Here’s how it works: Windows has a utility program called CheckDisk — CHKDSK.EXE for old-timers — that checks disk drives for corruption and can fix many disk drive problems. In Windows 7’s first release, it will run OK on your main hard drive. But if you run CheckDisk to clean up a secondary disk or disk partition, CheckDisk will allocate all of your PC’s memory and cause it to crash. InfoWorld writer Randall Kennedy, who covers enterprise desktops, tested and verified the blue-screen crash on multiple computers and configurations. At this point, it looks like Windows 7 will ship to non-beta customers this week with the bug still there.

The real problem caused by this bug is that you may not be able to fix corrupted secondary drives until Microsoft issues a fix or figures out a workaround. For most people, this isn’t even a problem since they have no secondary drives.

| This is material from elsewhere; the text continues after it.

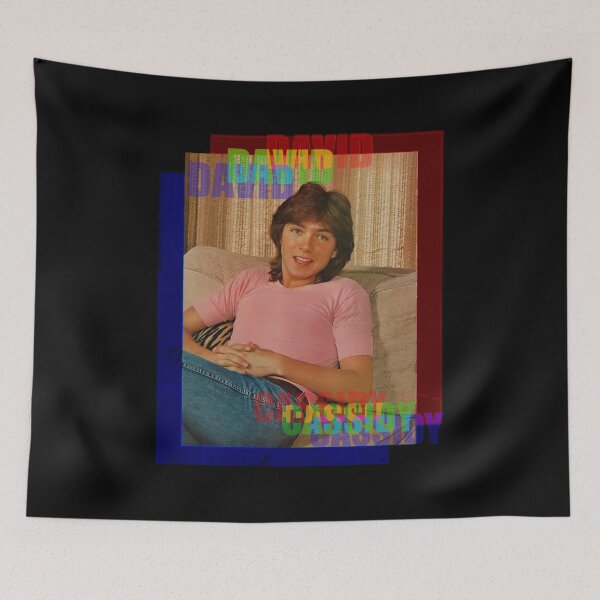 Item preview, Smile Gift David Cassidy designed and sold by DavidCassidyPop.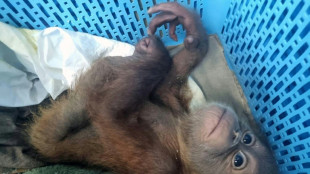 Un Tha&iuml;landais arr&ecirc;t&eacute; pour trafic de b&eacute;b&eacute;s orangs-outans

I’ve asked Microsoft to respond with a fix, a workaround or a counter-story. For now, all I have is a nerdy blog post from Monday in which a more technical Microsoftee says that after testing the problem, they’ve concluded that “at this point the chances of any broad issue are extremely small.”

Meanwhile, here’s a video many people still haven’t seen of the Blue Screen of Death popping up during Bill Gates’ big demo of Windows 98 at the Comdex trade show. An anti-crash campaign waged by Microsoft engineers in the early 2000’s greatly reduced the number of blue screen crashes beginning with Windows XP.